A trick to simplify $z\ln z+\overline{z}\ln\overline{z}$? 
Q: Given complex conjugates $z = a+bi$ and $\overline z = a-bi$, what would be substitution needed to find $R$,
  $$R= z\ln z+\overline{z}\ln\overline{z}\tag1 $$
  such that $R$ is an expression without imaginary numbers?

This question arose as a special case of this post. Given $x^3-x-1=0$, let $x_1\approx1.3247$ be its real root (the plastic constant) and $x_2,x_3$ its complex roots. Then
$$\begin{aligned}\sum\limits_{n=0}^\infty\frac{n!\,(2n)!}{(3n+2)!}
&=  x_1\ln(1+x_1)+x_2\ln(1+x_2)+x_3\ln(1+x_3)\\ 
&= \frac32\,x_1\ln(1+x_1)-\frac{1}{2}\sqrt{\frac{3-x_1}{x_1}}\arccos\Big(\frac{x_1-6}{6x_1+2}\Big)\\[2mm]
&= 0.5179778\dots\end{aligned}$$
The first is by yours truly, while the second is a simplified version of a result by Reshetnikov.
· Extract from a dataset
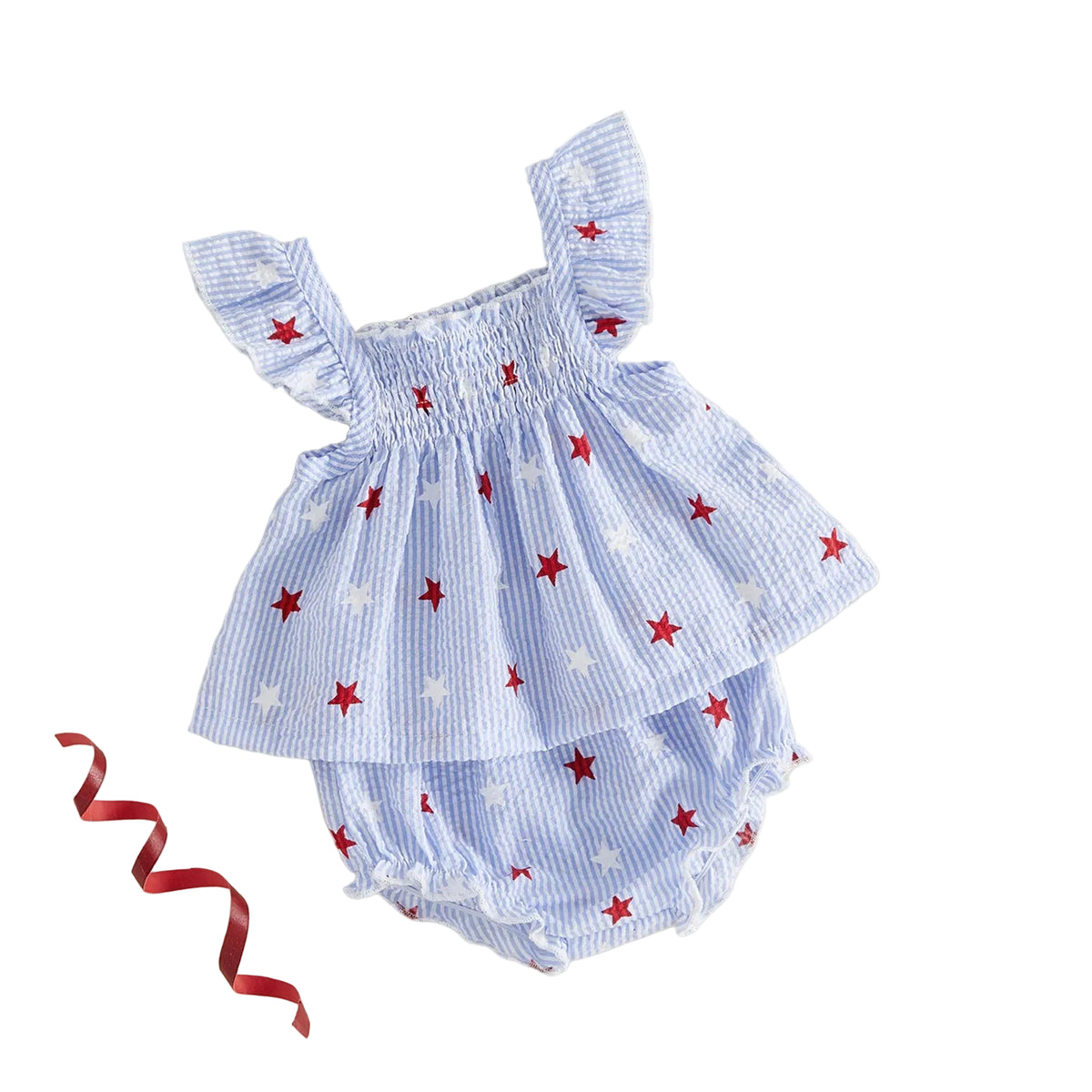 baby girls blue striped patriotic outfit for women with red and white star print and ruffle straps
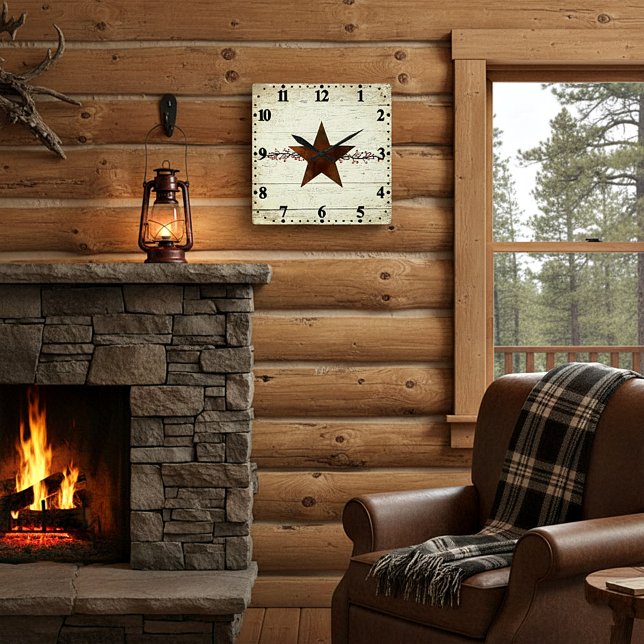 Roststar und Beeren Quadratische Wanduhr (Von Creator hochgeladen)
How do we show the equality of the first two lines? In general, how do we get rid of the imaginary unit in $(1)$, and can we always express it as the sum of $\ln$ and $\arccos$ of real numbers?
 A: If $z=re^{it}$ then:


*

*$\bar z=re^{-it}$

*$\ln z=it+\ln r$

*$\ln\bar z=-it+\ln r$


So $R=(a+ib)(\ln r+it)+(a-ib)(\ln r-it)=2(a\ln r-bt)=2(\ln|z|\cdot \Re z-\arg(z)\cdot\Im z)$
A: With a notation that should be obvious,
$$R=(x+iy)(\log r+i\theta)+(x-iy)(\log r-i\theta)=2(x\log r-y\theta)=2\left(x\log\sqrt{x^2+y^2}-y\,\arccos\frac xr\right).$$
A: If $f(x)=x^3-x-1$, define $$g(x)=f(x-1)=x^3-3x^2+3x-1 - (x-1)-1=x^3-3x^2+2x-1.$$
So $z_i=1+x_i$ are the roots of $g(x)$ and $z_1z_2z_3=1$ so $\log z_1+\log z_2+\log z_3 = 0$ and thus:
$$\sum x_i\log(1+x_i)=\sum z_i\log z_i=z_1\log z_1 +2(\log|z_2|\mathrm{Re}(z_2)-\arg(z_2)\mathrm{Im}(z_2))$$
(By the arguments in the other answers.)
Now since $z_1z_2z_3=1$, you have that $|z_2|=|z_3|=\frac{1}{\sqrt{1+x_1}}$. Since $z_1+z_2+z_3=3$ you have that $\mathrm{Re}(z_2)=\frac{3-z_1}{2}=\frac{2-x_1}{2}$. So $$2\log|z_2|\mathrm{Re}(z_2) = 2\cdot \left(-\frac{1}{2}\log(1+x_1)\right)\cdot\left(1-\frac{x_1}{2}\right)$$
So $$\begin{align}z_1\log z_1 + 2\log|z_2|\mathrm{Re}(z_2) &= x_1\log(1+x_1)+\log(1+x_1) + \frac{1}{2}x_1\log x_1 - \log(1+x_1)\\
&=\frac{3}{2}x_1\log(1+x_1)\end{align}$$
Finally, since $z_2=\frac{2-x_1}{2}+bi$, and $|z_2|$ is known, we can determine both $b=\mathrm{Im}(z_2)$ and $\arg(z_2)=\arccos\left(\frac{\mathrm{Re}(z_2)}{|z_2|}\right)$. 
This give $b=\frac{1}{2}x_1\sqrt{\frac{3-x_1}{1+x_1}}$. But $1+x_1=x_1^3$, so $b=\frac{1}{2}\sqrt{\frac{3-x_1}{x_1}}$.
I'm having a hard time getting your result, I get the last term as:
$$-\sqrt{\frac{3+x_1}{x_1}}\arccos\left(\frac{(2-x_1)\sqrt{1+x_1}}{2}\right)$$
You can use that $2\arccos u = \arccos(2u^2-1)$ when $u\in[0,1]$. But that doesn't seem to give your result, either.
[Wolfram alpha tells me that $2u^2-1=\frac{x_1-6}{6x_1+2}$ when $u=\frac{(2-x_1)\sqrt{1+x_1}}{2}$, but I wouldn't have found that final expression myself.]